In patent suits relating to inventions, technical advancements, etc., disclosure through interrogatories may often lead to the disclosure of confidential and business sensitive information. Often the party from whom the discovery is sought raises this defence. The courts have repeatedly settled the law on such objections. Recently, the High Court of Delhi (“Delhi HC”) in Largan Precision Co Ltd. v. Motorola Mobility India Pvt Ltd (“Largan Case”) [2] reiterated the law on the scope of interrogatories, the obligations of parties, and the defence of confidentiality pleaded by the defendant therein.
This blog summarises the Delhi HC’s observations in the Largan Case and argues that the Delhi HC has laid down a consistent jurisprudence in such issues. It ends with providing the possible recourses that the parties and practitioners can take while seeking/opposing an application for discovery by interrogatories in patent infringement suits.
The Largan Case was filed seeking relief of permanent injunction restraining the Defendants from infringing the Plaintiff’s Indian patent. The said patent pertained to a component of the mobile phone’s inbuilt camera system, which is used to block or minimise lens flare-causing undesired stray light. Thereafter, the Plaintiff had also filed an interim application seeking interrogatories relating to manufacture, import, sale, revenue, suppliers, etc., of the allegedly infringing products of the Defendants. Importantly, the interrogatories were filed by the Plaintiff along with the suit itself.

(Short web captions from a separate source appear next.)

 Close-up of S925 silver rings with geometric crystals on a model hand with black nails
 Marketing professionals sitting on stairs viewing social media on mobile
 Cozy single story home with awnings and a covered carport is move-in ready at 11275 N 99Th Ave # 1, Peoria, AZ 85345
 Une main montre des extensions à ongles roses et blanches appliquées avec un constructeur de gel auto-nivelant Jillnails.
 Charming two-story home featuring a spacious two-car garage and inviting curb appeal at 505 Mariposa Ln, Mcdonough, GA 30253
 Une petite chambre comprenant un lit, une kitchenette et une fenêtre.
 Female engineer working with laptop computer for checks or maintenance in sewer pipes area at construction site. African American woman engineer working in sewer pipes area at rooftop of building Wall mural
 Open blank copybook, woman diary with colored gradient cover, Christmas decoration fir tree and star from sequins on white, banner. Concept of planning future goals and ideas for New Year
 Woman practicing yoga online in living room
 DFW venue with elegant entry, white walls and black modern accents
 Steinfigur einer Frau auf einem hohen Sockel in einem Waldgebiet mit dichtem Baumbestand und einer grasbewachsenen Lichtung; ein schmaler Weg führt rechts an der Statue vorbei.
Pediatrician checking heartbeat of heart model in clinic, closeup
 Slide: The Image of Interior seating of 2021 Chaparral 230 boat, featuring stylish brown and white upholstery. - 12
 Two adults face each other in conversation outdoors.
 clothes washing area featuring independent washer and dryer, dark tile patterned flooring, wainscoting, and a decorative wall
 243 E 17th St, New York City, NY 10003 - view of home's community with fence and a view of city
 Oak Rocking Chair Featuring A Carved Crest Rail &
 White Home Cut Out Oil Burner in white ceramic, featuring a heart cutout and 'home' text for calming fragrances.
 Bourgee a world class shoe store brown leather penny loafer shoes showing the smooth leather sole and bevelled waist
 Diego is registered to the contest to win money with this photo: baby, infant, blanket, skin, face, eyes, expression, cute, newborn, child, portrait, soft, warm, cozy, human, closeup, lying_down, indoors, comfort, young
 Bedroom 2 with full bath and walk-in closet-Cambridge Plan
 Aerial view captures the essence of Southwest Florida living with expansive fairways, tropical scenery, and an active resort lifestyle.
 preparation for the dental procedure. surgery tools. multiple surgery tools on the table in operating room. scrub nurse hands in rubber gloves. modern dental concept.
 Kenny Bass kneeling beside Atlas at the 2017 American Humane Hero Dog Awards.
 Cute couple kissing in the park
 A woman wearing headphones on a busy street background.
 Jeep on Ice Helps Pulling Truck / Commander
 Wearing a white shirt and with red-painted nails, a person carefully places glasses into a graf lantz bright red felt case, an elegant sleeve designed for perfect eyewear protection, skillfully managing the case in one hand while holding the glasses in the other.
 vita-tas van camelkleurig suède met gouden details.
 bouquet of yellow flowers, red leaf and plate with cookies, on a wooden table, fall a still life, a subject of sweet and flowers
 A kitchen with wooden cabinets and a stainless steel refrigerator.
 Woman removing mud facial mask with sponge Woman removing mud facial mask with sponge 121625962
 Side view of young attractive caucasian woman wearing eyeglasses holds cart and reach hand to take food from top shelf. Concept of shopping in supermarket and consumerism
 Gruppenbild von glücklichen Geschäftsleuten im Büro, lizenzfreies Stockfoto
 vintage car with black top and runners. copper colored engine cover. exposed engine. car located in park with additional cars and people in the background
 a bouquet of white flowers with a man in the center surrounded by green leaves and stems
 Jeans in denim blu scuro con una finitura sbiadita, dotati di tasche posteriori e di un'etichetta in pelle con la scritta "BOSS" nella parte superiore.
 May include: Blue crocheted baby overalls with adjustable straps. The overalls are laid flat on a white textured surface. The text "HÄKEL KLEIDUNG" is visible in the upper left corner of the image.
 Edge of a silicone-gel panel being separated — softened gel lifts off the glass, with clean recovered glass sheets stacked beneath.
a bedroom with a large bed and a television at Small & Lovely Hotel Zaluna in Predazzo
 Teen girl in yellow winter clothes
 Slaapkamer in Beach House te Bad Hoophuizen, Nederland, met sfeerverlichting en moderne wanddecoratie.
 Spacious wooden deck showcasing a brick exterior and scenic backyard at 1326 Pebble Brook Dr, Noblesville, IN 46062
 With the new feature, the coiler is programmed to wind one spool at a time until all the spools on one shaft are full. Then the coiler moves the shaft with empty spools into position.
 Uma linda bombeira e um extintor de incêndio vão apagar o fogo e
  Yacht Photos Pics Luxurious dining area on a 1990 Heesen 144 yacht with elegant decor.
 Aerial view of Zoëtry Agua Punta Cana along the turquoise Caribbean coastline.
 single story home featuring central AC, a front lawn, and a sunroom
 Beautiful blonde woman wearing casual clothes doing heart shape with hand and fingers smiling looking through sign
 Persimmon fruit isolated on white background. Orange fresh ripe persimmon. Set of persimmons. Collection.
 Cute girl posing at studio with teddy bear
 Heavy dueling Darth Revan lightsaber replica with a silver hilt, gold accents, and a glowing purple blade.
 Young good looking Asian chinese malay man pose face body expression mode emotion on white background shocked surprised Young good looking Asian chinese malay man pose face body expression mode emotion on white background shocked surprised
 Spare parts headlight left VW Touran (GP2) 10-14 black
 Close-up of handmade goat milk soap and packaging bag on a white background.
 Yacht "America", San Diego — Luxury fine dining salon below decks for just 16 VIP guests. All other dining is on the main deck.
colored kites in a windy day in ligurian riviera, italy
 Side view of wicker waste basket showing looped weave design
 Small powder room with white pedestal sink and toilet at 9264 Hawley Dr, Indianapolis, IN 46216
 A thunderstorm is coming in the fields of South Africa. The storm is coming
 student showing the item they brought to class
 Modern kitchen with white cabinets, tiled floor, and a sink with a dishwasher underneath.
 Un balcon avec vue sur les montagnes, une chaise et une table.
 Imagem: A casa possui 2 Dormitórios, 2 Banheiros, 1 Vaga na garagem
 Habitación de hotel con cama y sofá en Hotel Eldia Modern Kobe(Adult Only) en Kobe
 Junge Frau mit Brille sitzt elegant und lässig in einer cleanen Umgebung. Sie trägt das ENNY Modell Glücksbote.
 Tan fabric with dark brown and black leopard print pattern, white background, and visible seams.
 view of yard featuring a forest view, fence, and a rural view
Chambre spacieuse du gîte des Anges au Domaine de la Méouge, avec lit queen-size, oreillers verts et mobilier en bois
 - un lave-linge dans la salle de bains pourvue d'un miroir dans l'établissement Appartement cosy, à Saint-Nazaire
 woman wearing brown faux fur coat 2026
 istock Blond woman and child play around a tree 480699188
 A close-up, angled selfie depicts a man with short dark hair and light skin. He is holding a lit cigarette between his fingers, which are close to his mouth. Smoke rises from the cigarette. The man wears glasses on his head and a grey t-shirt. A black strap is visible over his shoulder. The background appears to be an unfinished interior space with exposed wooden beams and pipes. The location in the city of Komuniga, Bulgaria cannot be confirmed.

The Defendants initially furnished certain information with respect to the interrogatories, but the Delhi HC later directed them to provide in a sealed cover all information relating to the product launch, technical specifications, and the supplier. Although the Defendants complied with the direction, they prayed that the court not disclose such information to the Plaintiff because it contained confidential data. Notably, the Defendants also argued that they had not even filed their defence when the Plaintiff had sought the interrogatories. Moreover, placing reliance on Section 106 of the Bharatiya Sakshya Adhiniyam, 2023, which provides that the burden of proof on any particular fact lay with the person who wants the court to believe in its existence, the Defendants argued that it was up to the Plaintiff to prove their case instead of seeking interrogatories from them.